Given $|x|= 1$, show that the equation of a tangent to the unit circle at point $x$ is given by $y + x^2 \overline{y} = 2x$

Question

Given $|x|= 1$, show that the equation of a tangent to the unit circle at point $x$ is given by $y + x^2 \overline{y} = 2x$

Not sure how to start. I know that $y + \overline{y} = 2x$ must be true, but I am not sure what to do after that.

Answer 1

Prerequisite: We know that the equation of tangent through a point $c$ lying on a circle $|z|=r$ is given by $$z\bar c +\bar z c =2r^2\tag {1}$$

From the given equation, dividing by $x $ gives us (as $x \neq 0$) gives us: $$\frac {1}{x}y + x\bar y =2$$ $$\Rightarrow \frac {\bar x}{x\bar x}y + x\bar y =2$$ $$\Rightarrow \bar x y + x \bar y =2\tag {2}$$

Can you now relate $(1)$ and $(2)$? Hope it helps.

Answer 2

Lemma. Given $4$ points $a \ne b, c\ne d$ in the complex plane, segments $ab$ and $cd$ are perpendicular iff $\operatorname{Re}\left((a-b)(\bar c- \bar d)\right) = 0\,$.

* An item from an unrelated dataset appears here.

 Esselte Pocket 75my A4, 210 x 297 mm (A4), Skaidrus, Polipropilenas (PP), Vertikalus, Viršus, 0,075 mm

Let $z = (a-b)(\bar c- \bar d)$ then $\arg(z) = arg(a-b) + \arg(\bar c - \bar d) = \arg(a-b) - \arg(c-d)\,$. It follows that $\operatorname{Re}(z) = 0 \iff \arg(a-b) - \arg(c-d) = \pm \pi/2\;$ i.e. $\;ab \perp cd\,$.

Proof. Given that $|x|^2=x \bar x =1$ it follows that $\bar x = 1/x$. Then dividing the given relation by $x \ne 0$ results in $x \bar y + \bar x y = 2$.

Now, the segments between $(0,x)$ and $(y,y-x)$ are perpendicular by the previous Lemma since:

$$ \require{cancel} 2 \operatorname{Re}((x-0)(\bar y-\bar x))= x(\bar y-\bar x)+\bar x(y - x) = x \bar y - |x|^2+\bar x y -|x|^2 = 2 - 1 - 1 =0 $$

Since $(0,x)$ is a radius of the unit circle, it follows that $y$ lies on the tangent to the circle at $x$.